▼
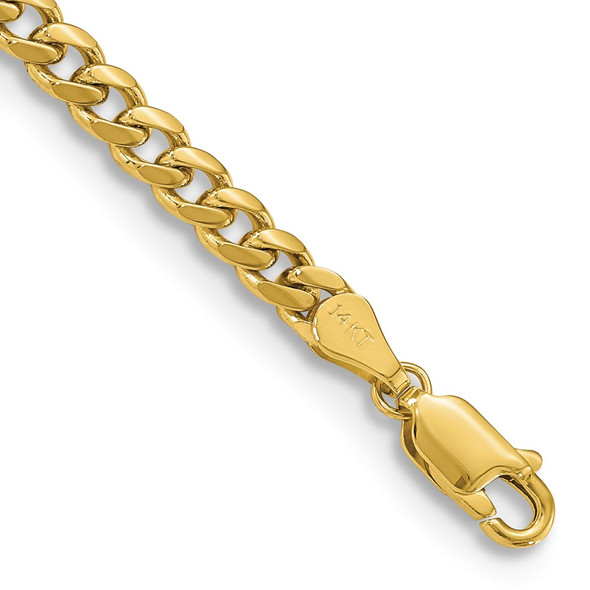 7" 10k Yellow Gold 4.25mm Solid Miami Cuban Chain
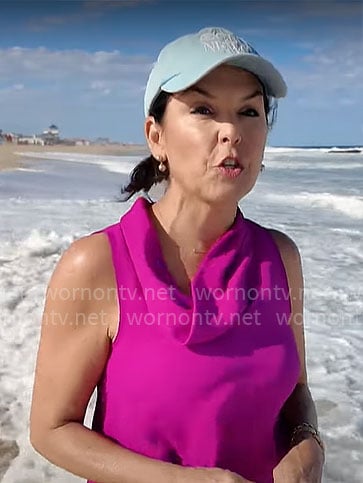 Meg Oliver’s pink cowl neck top on CBS Mornings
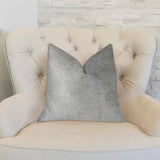 Silver Moon Gray and Silver Luxury Throw Pillow, 16"x16"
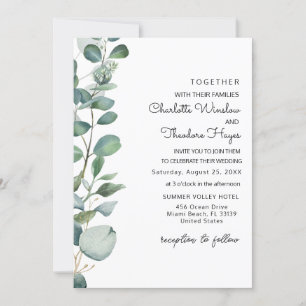 Hochzeitseinladung mit Garten-Eukalyptus und Grünp Save The Date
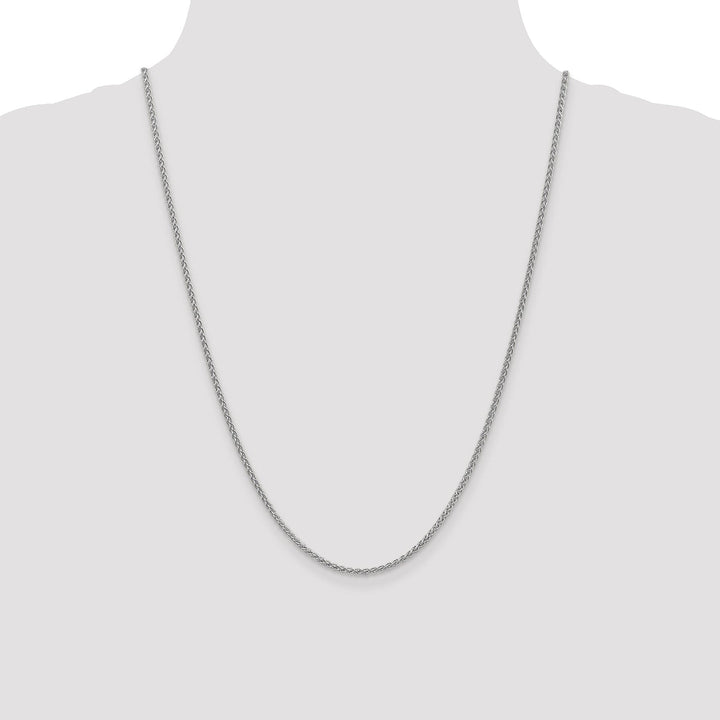 14K White Gold 2.1mm Spiga Wheat Chain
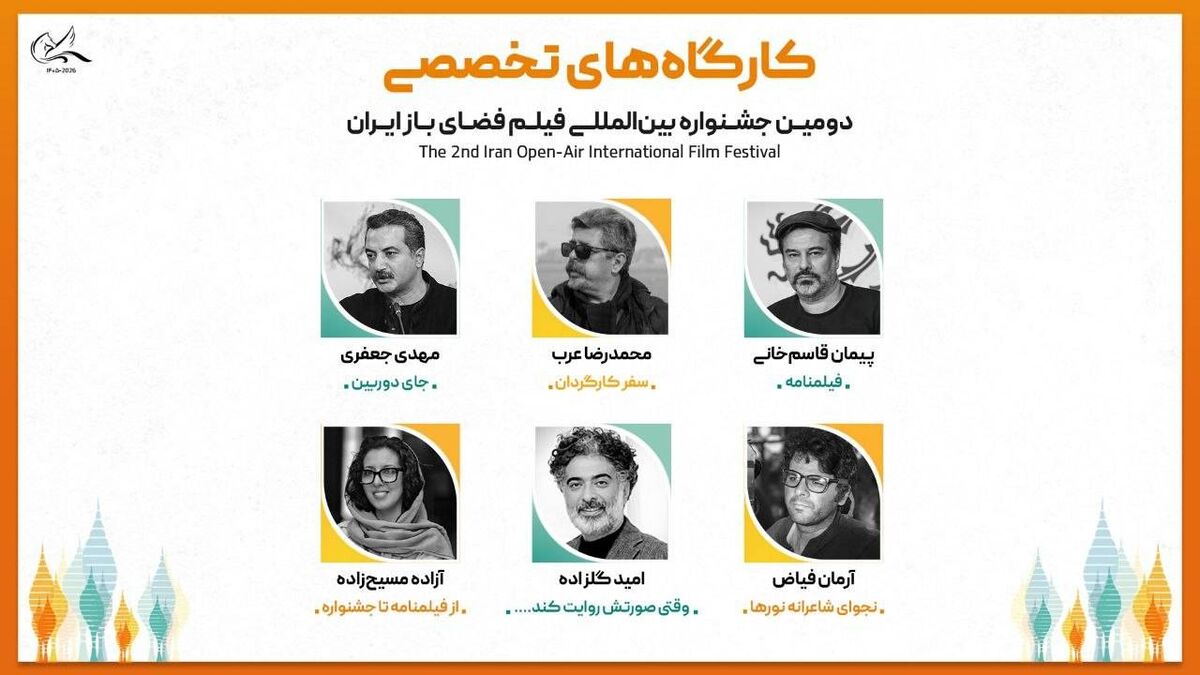 استادان کارگاه‌ های تخصصی دومین جشنواره بین‌المللی فیلم فضای باز ایران معرفی شدند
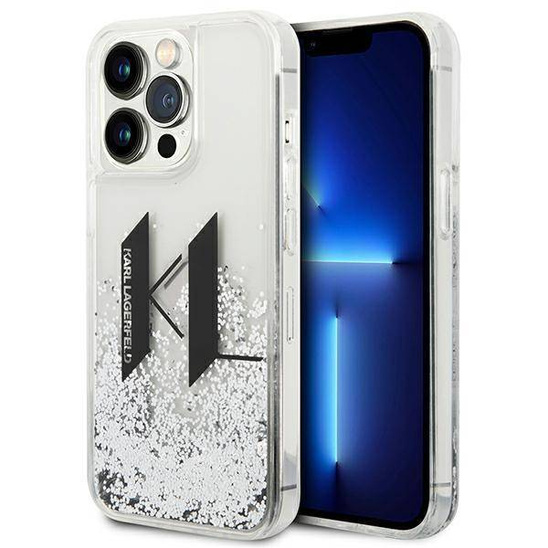 Oryginalne Etui IPHONE 14 PRO MAX Karl Lagerfeld Hardcase Liquid Glitter Big KL srebrne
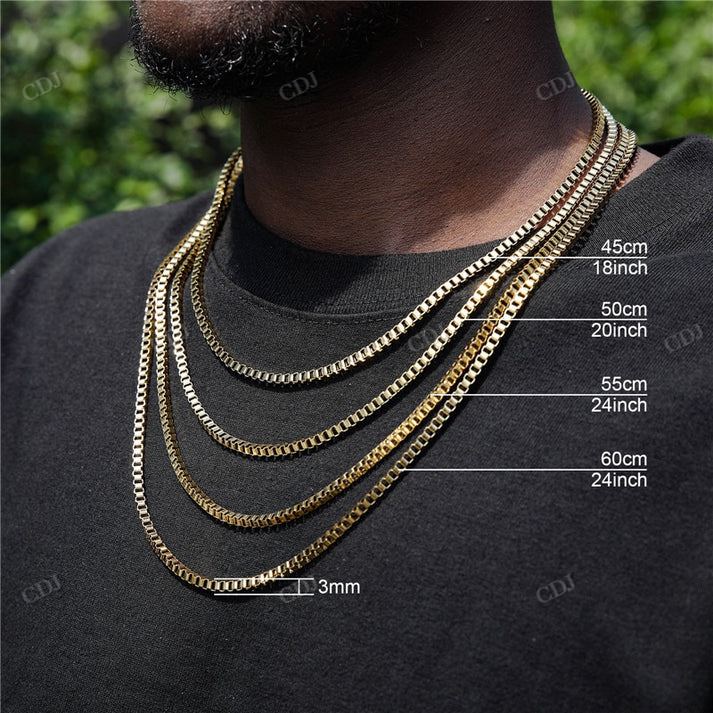 3MM 14K White Gold Box Chain hip hop jewelry CustomDiamJewel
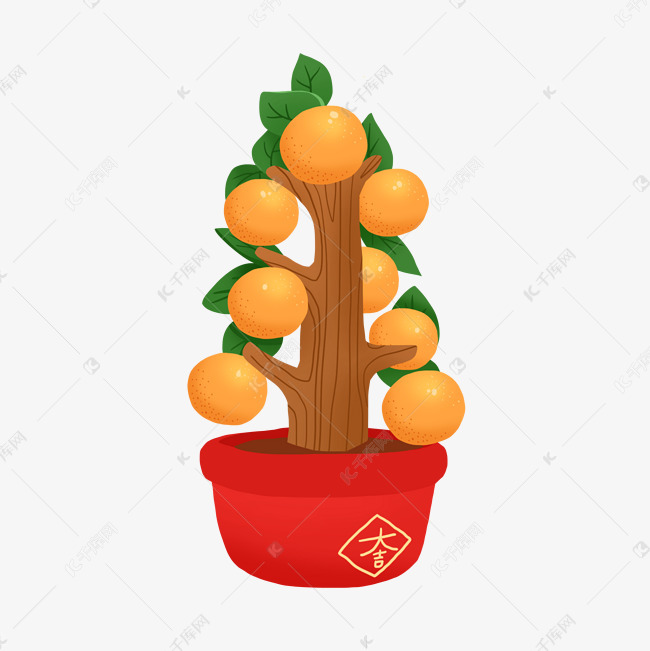 春节大吉大利桔子树装饰免抠pn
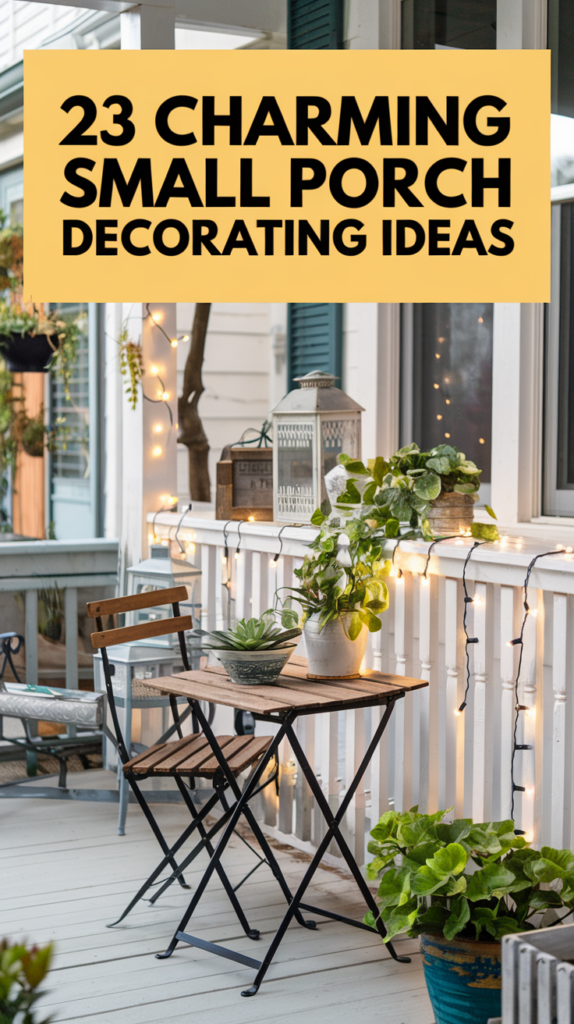 A charming small porch with a wooden table and chairs, decorated with potted plants and string lights, conveying cozy decor ideas.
▲
**Exercise directions**
Copy only the lines above from the one containing "14K White Gold 2.1mm Spiga Wheat Chain" through the one containing "春节大吉大利桔子树装饰免抠pn", both included. Leave out the pictures.

**Result of the exercise**
 14K White Gold 2.1mm Spiga Wheat Chain
 استادان کارگاه‌ های تخصصی دومین جشنواره بین‌المللی فیلم فضای باز ایران معرفی شدند
 Oryginalne Etui IPHONE 14 PRO MAX Karl Lagerfeld Hardcase Liquid Glitter Big KL srebrne
 3MM 14K White Gold Box Chain hip hop jewelry CustomDiamJewel
 春节大吉大利桔子树装饰免抠pn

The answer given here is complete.